Sato also connects the performances in Sansho to the traditions of kabuki and noh theater. But while that might conjure up images of stagy theatricality, the most striking thing about the acting here is its raw realism. It’s almost hard to think of it as acting — how can anyone bare their emotions so completely and un-self-consciously if they know they’re being watched? Their voices are raw and ragged; Kinuyo Tanaka, who plays Tamaki, actually refused to eat any rich food during filming to get the proper effect. The acting is over-the-top, but it sails right past stagy exaggeration and into intense immediacy: frequently, their screams of anguish and desperation actually blow out their mics. It’s an effect like what Brian Eno describes as, “the sound of things going out of control, of a medium pushing to its limits and breaking apart. The distorted guitar sound is the sound of something too loud for the medium supposed to carry it. The blues singer with the cracked voice is the sound of an emotional cry too powerful for the throat that releases it.”

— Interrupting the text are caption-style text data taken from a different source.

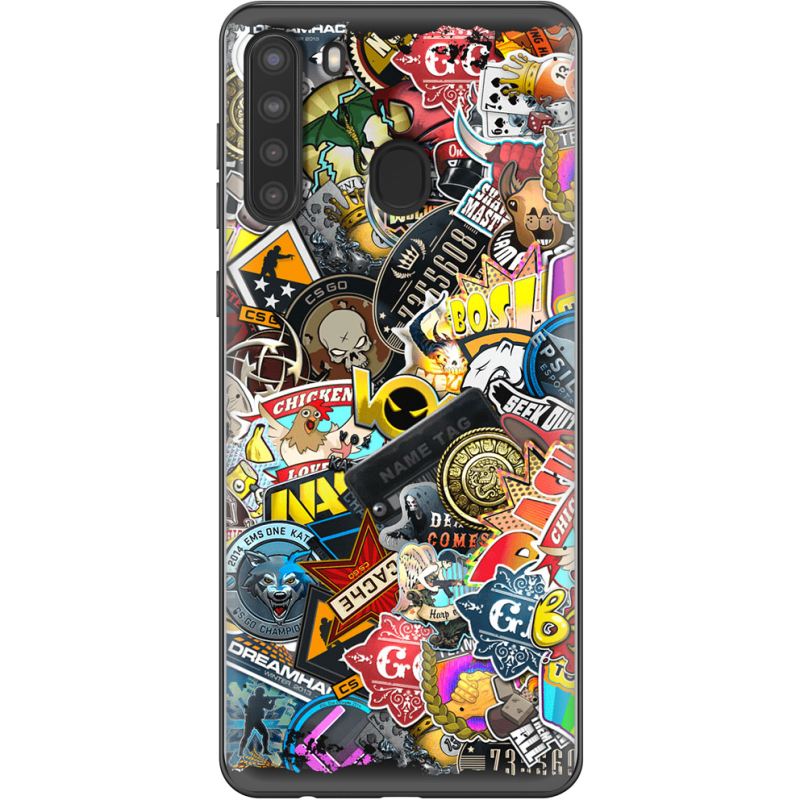 Чехол BoxFace Samsung Galaxy A21 (A215) CS:Go Stickerbombing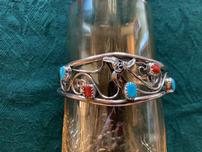 Child's Sterling Silver Turquoise & Coral Bracelet 202//152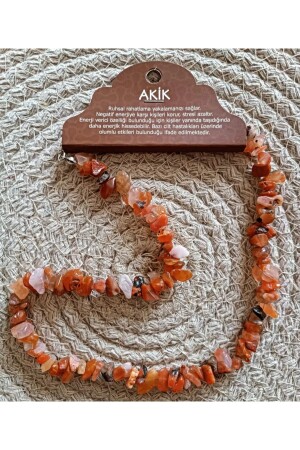 Achat Stein Kırıktaş Heilung Naturstein Halskette Design - Devritarz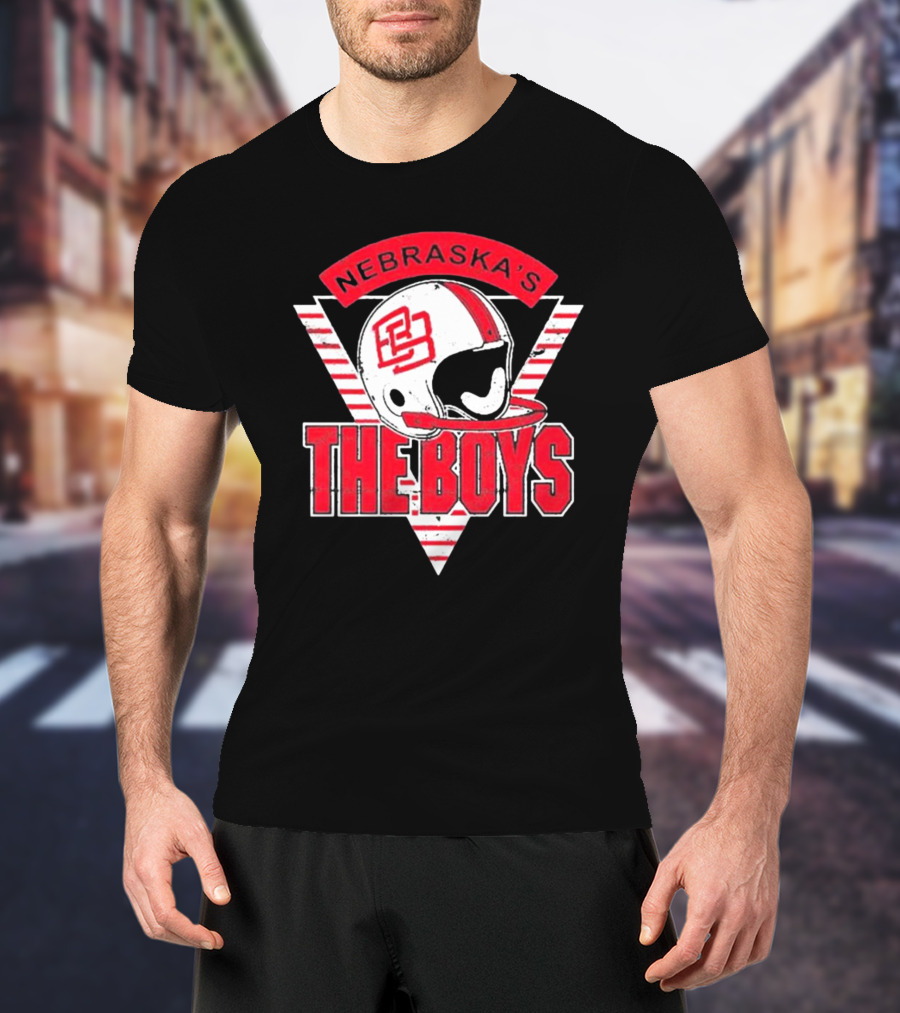 Nebraska’s Bussin' With The Boys Football Helmet Icon The Boys T-Shirt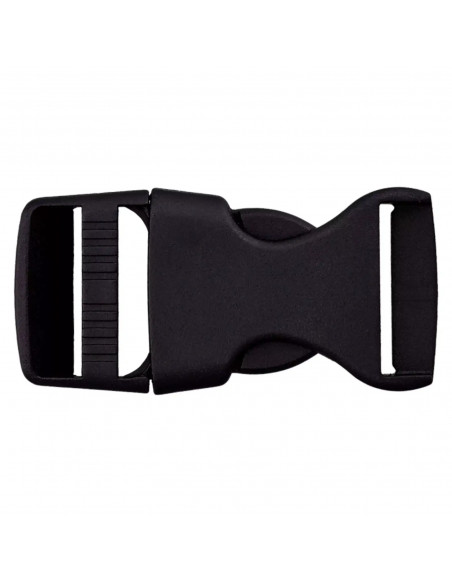 Fermoir bouclip, 25mm, noir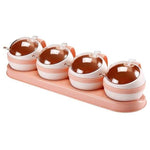 Seasoning Jar Set With Rack Sealed Set of 4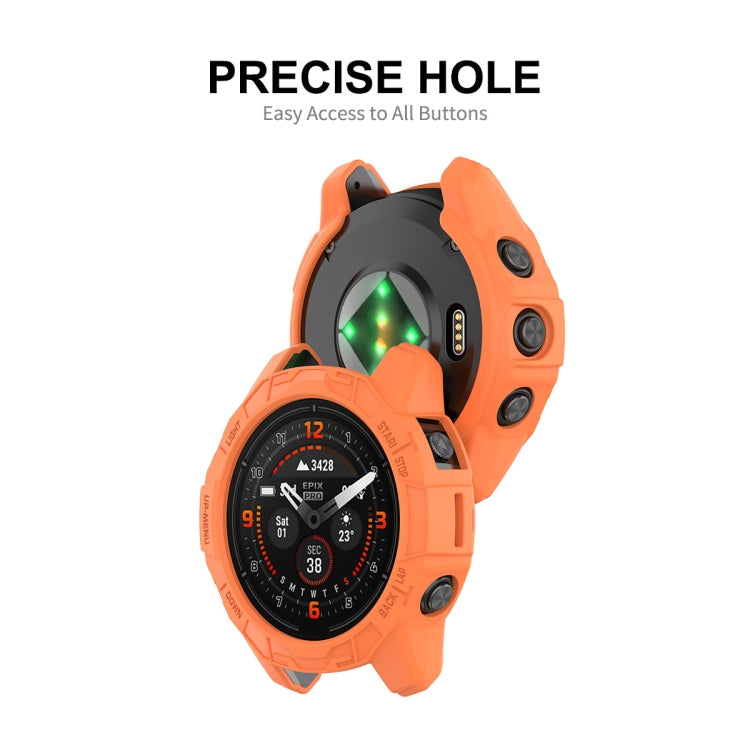 ENKAY Hat-Prince TPU Armor Designed Watch Protective Case, For Garmin Epix Pro 42mm / Fenix 7S / 7S Pro, For Garmin Epix Pro 51mm / Fenix 7X / 7X Pro, For Garmin Epix Pro 47mm / Fenix 7 / 7 Pro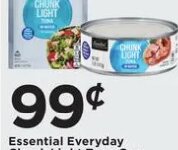 Essential Everyday Chunk Light Tuna Can or Pouch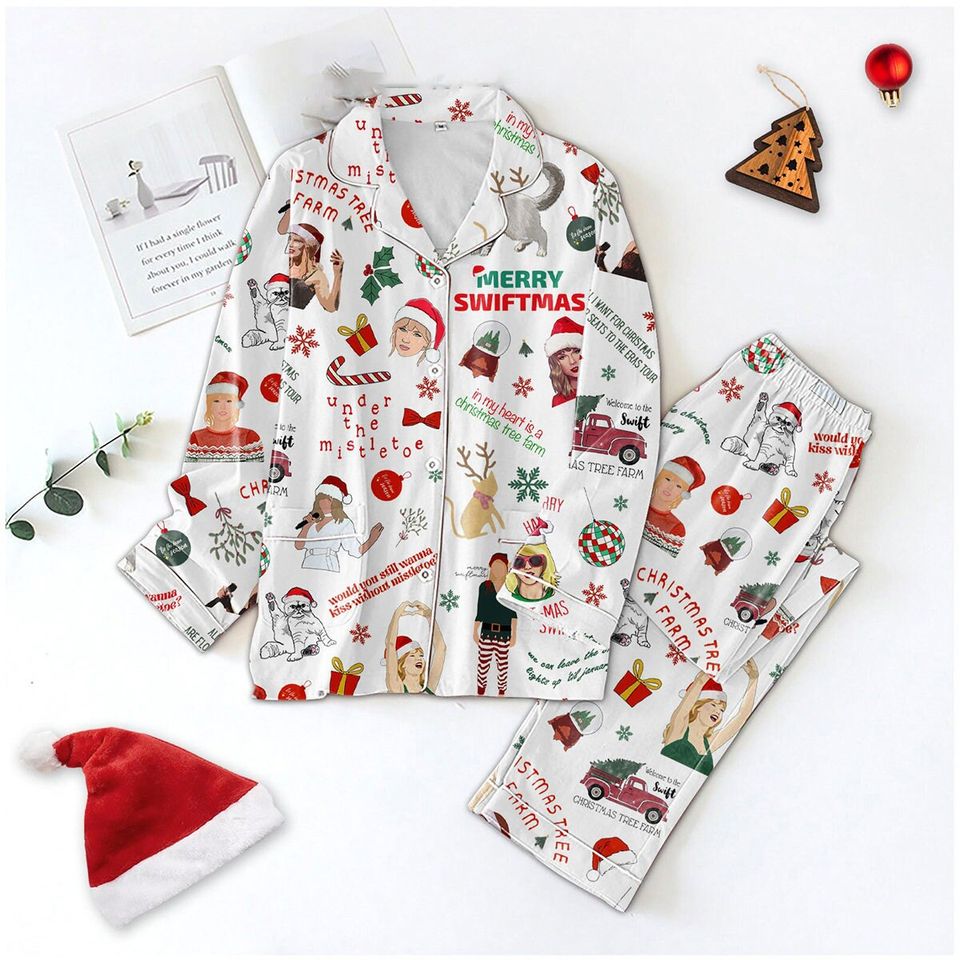 Merry Swiftmas Under The Mistletoe Pajama Set, Swift Pajama Set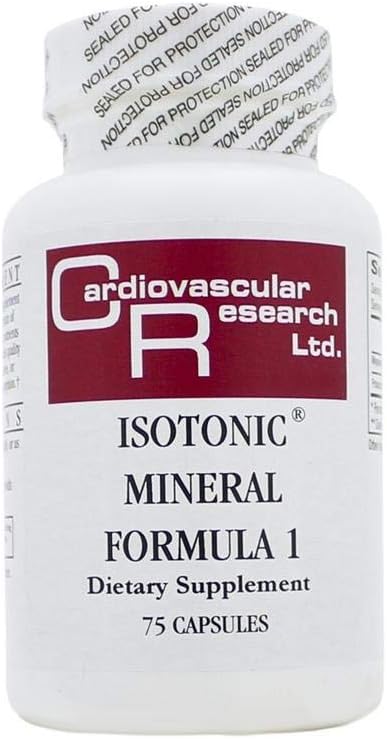 Isotonic Mineral Formula 75 Capsules by Ecological Formulas - Natural Mineral Supplement for Optimal Health and Wellness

Out of all these performances, stage actor Yoshiaki Hanayagi’s as Zushio stands out. He displays incredible versatility as he plays through his character’s emotional journey, from the heartless, emotionless “good slave,” to total abjectness, to regal implacability. But amid all the gutwrenching intensity of the performances, Sansho’s most powerful moments are often its subtlest. Zushio helps Anju cut down a branch, resonating with an earlier scene where we saw them as happy little children, brutally underlining how far they’ve fallen. The transitions between the flashback sequences and the family journeying to find their father allow the mother and father to briefly be reunited through a dissolve. And one character dies by silently, stoically walking into the ocean, like James Mason would the same year in A Star Is Born. We never see her face, only a single long shot remaining impassively behind her until she disappears. You can see Sansho’s influence in Mouchette as the French master filmmaker Robert Bresson uses it to make something somehow even more devastating. And you can see it in the films of Martin Scorsese. The famous phone call scene in Taxi Driver uses the same technique Mizoguchi applies to the torture scenes here; as Ebert describes it, “Mizoguchi’s elegant camera movement almost creates the illusion that we are not only looking along with him, but sometimes looking away, choosing not to see. The camera does not move away from certain actions so much as decline to notice them, often because they are too painful or personal.” And Sansho casts a long shadow over Silence. The prison scenes combine the abject intensity of Sansho’s performances with a set that closely resembles the cell where Zushio is imprisoned after he tries to get an audience with the prime minister. Sansho the Bailiff’s emotional power has endured for generations, and its message of compassion will remain timeless; until, at least, mankind finally awakens as human beings.